Count how many lines of the material below have the word "with" and give only the number.

******

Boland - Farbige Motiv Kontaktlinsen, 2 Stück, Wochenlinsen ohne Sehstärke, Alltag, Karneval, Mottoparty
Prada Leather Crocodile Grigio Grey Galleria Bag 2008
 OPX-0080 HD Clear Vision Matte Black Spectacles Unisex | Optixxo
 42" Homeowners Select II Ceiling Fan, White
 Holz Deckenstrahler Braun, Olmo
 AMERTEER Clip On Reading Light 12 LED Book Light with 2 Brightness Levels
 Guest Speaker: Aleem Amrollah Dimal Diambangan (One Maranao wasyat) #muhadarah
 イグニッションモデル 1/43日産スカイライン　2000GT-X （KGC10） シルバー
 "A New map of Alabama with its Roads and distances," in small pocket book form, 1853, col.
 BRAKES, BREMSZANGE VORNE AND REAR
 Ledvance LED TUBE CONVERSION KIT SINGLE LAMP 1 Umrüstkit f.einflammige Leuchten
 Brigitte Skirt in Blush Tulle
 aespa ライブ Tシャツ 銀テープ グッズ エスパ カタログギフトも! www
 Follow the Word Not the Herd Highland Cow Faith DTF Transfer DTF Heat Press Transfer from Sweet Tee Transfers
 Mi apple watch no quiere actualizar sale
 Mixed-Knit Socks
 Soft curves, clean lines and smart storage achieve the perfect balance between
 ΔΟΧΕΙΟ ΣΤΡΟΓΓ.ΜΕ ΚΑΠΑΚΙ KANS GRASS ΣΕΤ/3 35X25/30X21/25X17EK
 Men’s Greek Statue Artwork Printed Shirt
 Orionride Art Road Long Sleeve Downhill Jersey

******

* _ANSWER BELOW_
2